Não, não é coincidência! Em seus últimos dias de vida, aos quais Deus resguardou a liturgia da Paixão do Senhor, o nosso João, tal qual o apóstolo que Jesus amava, procurava dar essa lição do amor que perpassa o sofrimento e que é tão inquietante para nós. Ele, o nosso Lolek, que desde a infância experimentara a dor da ausência dos seus, amparando-se na fé que a Trindade alimentava em seu coração, e que depois, como seminarista clandestino e audaz operário, estampara em seu rosto a forte resistência à opressão dos regimes e das ideologias, agora sedimenta, como Papa (ou melhor, como Pai), essa entrega que responde a toda indagação, que explica em termos humanos o que Cristo, em seu Corpo, na história da Igreja e no exemplo dos santos, sempre anunciou. E isso (graças a Deus!) diante de toda a humanidade, inquieta e nervosa, distante de Deus. Sim, o nosso Lolek, o nosso Karol, também viveu a Paixão que Cristo reservou ao seu Vigário, vigoroso e entusiasta na sua fé segura no Pai. Amando e amado, amante e amoroso!
No meio dos povos, no meio da multidão faminta de Deus, falando as mil línguas do homem para penetrar em seu seio, no regaço do seu coração, ele era Paulo. Mas, mesmo nesses momentos, muito mais João. Sim, aquele João que afaga as crianças, brancas, negras, índias. Que consola os pobres, das profundezas da África aos rincões da América Latina. O João entre os seus, entre aqueles que amava, como Jesus o amava. A humanidade, tão cega no amor, parecia perceber essa aventura da caridade que o Papa realizava entre si e os homens, anunciando a Cristo nas mais variadas formas e cores. Anunciando com o coração…

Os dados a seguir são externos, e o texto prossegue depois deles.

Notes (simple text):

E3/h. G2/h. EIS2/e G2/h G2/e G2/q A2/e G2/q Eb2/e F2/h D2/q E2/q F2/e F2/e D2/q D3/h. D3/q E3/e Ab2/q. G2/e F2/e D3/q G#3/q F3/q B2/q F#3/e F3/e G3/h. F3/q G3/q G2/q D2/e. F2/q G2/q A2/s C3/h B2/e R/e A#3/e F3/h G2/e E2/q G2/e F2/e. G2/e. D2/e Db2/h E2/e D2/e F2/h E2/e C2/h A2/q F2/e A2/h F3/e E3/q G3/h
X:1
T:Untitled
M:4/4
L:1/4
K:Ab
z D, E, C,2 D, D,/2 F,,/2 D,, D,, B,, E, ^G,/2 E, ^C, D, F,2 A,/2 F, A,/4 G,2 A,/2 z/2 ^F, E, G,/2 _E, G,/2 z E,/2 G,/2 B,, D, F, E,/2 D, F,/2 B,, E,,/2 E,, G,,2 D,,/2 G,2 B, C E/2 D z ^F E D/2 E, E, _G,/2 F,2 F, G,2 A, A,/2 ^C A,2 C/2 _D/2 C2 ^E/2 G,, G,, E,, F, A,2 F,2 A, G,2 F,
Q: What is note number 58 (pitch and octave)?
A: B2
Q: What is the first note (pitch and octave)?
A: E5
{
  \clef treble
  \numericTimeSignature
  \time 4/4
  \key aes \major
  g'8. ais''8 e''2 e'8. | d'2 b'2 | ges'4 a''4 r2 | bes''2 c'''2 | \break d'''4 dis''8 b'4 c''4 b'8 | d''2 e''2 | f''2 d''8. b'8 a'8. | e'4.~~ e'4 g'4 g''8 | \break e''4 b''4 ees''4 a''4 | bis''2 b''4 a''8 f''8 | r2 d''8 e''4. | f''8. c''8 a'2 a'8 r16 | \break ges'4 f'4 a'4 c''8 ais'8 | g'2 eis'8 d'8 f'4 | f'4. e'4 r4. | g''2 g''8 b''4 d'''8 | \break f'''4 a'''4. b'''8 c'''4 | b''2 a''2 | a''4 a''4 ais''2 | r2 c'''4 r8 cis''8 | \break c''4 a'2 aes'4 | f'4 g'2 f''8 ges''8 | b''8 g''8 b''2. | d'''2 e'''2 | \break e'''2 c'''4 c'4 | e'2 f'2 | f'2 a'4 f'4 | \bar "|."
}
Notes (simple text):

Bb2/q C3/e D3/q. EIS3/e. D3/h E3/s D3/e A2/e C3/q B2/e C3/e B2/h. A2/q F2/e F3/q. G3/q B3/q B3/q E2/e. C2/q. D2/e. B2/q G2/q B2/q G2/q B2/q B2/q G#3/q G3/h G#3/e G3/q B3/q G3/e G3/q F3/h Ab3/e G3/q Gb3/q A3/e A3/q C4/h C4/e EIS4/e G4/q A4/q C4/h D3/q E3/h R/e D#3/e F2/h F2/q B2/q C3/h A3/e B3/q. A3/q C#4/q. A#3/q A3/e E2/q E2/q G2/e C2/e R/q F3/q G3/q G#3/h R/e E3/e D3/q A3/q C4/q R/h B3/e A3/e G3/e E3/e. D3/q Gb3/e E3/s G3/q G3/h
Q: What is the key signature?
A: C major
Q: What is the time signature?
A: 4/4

Perseguido por insistir em segurar a Cruz, ele mantinha-se firme na fé. Queriam-no livre da dor, longe das feridas, do martírio. Ele, ao contrário, firmava-se entre os pregos do madeiro, coroado de espinhos como seu Mestre. Ignoravam-no quando ele repreendia sob a autoridade da Igreja, ainda na sangria da Paixão, e ele, fiel e obediente, dava o seu “sim”. Ah, o “sim” de João era o mesmo de sua Mãe! Sim, porque o nosso João virava o pequeno Lolek nas mãos da Imaculada! A ela, que o livrara dos piores momentos e do escárnio dos homens insensatos, ele dedicava o seu brado de amor: “Totus tuus!”. E a anunciava aos confins do mundo: Maria Eucarística, Mãe da Igreja, Mãe dos Povos, Virgem do Santo Rosário… Ajoelhado os pés da Virgem de Lourdes, os olhos inundados de água, pedindo força na angústia do sofrimento… Sim, nosso João, pequeno Lolek, dizia: “Sim!”.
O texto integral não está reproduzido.